Sunday, February 26, 2006

Forecast: Raining Frogs

Last week we reported the grim side of the state's new Six Year Outlook and presented the following chart regarding the mid-term prospects for the state's finances.

For NPI's guess, I used an arcane construction of rolling weighted averages of the state's big three taxes: Property, Sales and B&O. And I said I would be asking the state's Office of Financial Management (OFM) to define why their projection of 5% growth in revenues after 2009 and five-plus in some intervening years is reasonable.

I have the response back from the state.

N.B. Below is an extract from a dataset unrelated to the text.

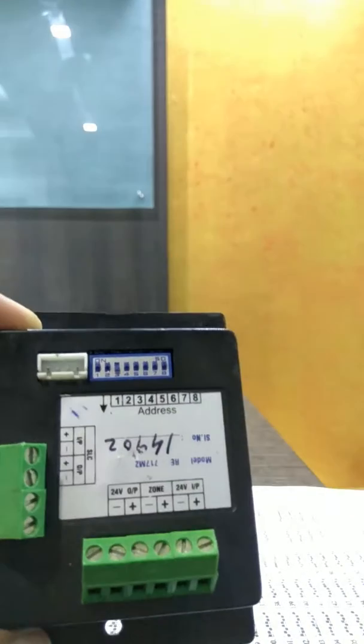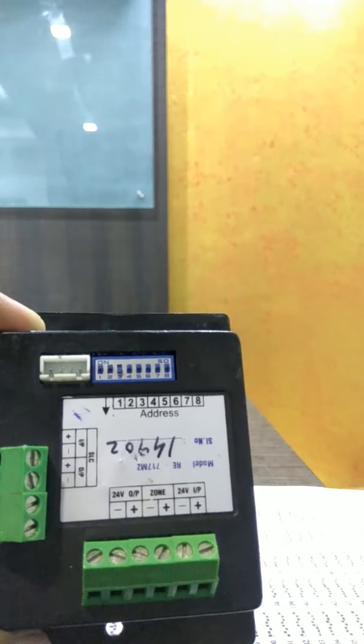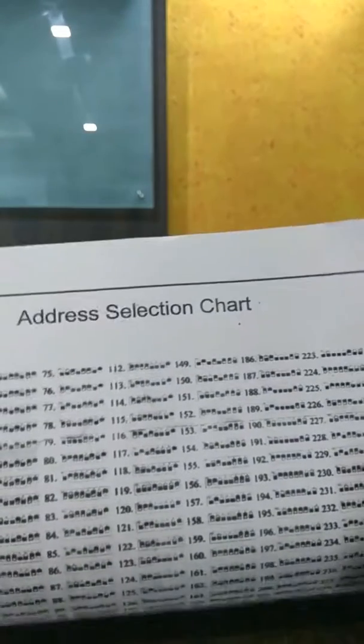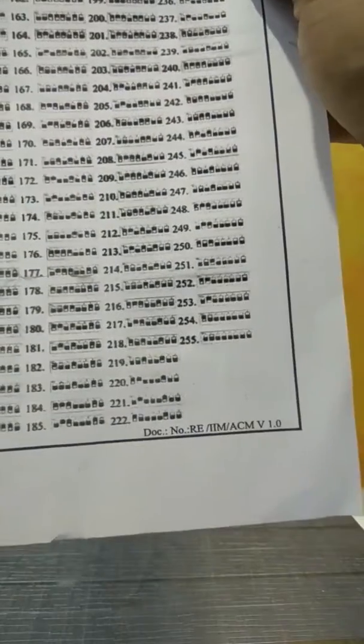And so on — using the address selection chart, you can give addresses up to 254 to your module.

You may want to shield your eyes if technical details are an anathema to your brain's smooth operation.
Irv Lefberg, Chief of Forecasting, Office of Financial Management, sez:

The basis for the 5% revenue growth assumption after 2009 is as follows

Annual long term population growth forecast = 1.3%
Annual long term inflation forecast = 2.5%
Annual real per capita income forecast (productivity) = 2.0%

(sum of above three components)

Rate of revenue growth as percent of personal income growth (revenue elasticity) = 90% (historical average)

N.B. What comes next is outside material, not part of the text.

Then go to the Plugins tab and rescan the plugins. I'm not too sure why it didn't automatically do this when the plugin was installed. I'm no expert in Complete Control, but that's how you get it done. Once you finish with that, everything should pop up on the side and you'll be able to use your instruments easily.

Revenue growth = Elasticity X Personal Income growth = 5.8% x 90% = 5.2%. We rounded it down to 5% for the six year outlook.

Please note that the revenues referenced in the six year outlook are General Fund State revenues only. Federal revenue is not part of the projection.
[Which eliminates my conjecture that federal moneys were part of the strong growth assumption - a.]Historically major taxes have growth faster than 5% annually.

The official state economic and revenue forecast for the 2007-09 Biennium, produced by the Economic and Revenue Forecast Council, assumes a slowdown in the housing market. Including the slowdown, they also forecast revenue to grow at about 5% annually.

Please call me if you have additional questions.
I will be calling you, Irv, because there's some difficulties.

The historical average of taxes over the ten years 1995-2004 (which I used, since they were at hand in the Tax Reference Manual) was not 5%, but significantly below 5%. To wit, 4.1 for Sales, 3.5 for B&O, and 3.6 for Property. While Sales is twice as important as the other two combined, 4.1 is not 5, and the last time even the Sales Tax saw plus-five was in 2000. Beyond this, the Eyman initiatives have cut us off from historical trends, so looking backward at them now is a bit like looking through the rear window when you're driving. Not safe.

Second, while personal income is a good thing to mark from if you have a personal income tax, we don't, and we are not likely to get one soon, so maybe we'd better use something that tracks our kind of tax system better, like median income. Median income is stagnating, even while total personal income is going up, because a few at the top are doing very, very well. ["Revenue elasticity" seems to be "kinda" term. It's kinda close. Maybe it's standard. Irv would know better.]

Thirdly, the 2.5 percent inflation. We have no idea what inflation will be. It depends on energy prices, Fed policy, and whether the rest of the world will keep treating us nice. Wouldn't it be better to just figure things out in real (inflation-adjusted) terms, since inflation is built in to both expenditures and revenues? Unfortunately, we don't do it that way. I need to ask Irv about that. But in OFM's balance sheet, we seem to assume different things with regard to inflation depending on which side of the ledger we're on. On the Expenditures side we assume 2% adjustments for state employee COLAs. On the Revenues side, according to Mr. Lefberg, we're hoping for 2.5%. Nice work if you can get it. Point five percent can be $75 million or more a year.

There's more, of course, but what is fascinating to me is like filling one's head with cement to others. I'm trying to liven it up by throwing chairs at Irv, but witnessing disputes between economists always end up like watching fish wrestle.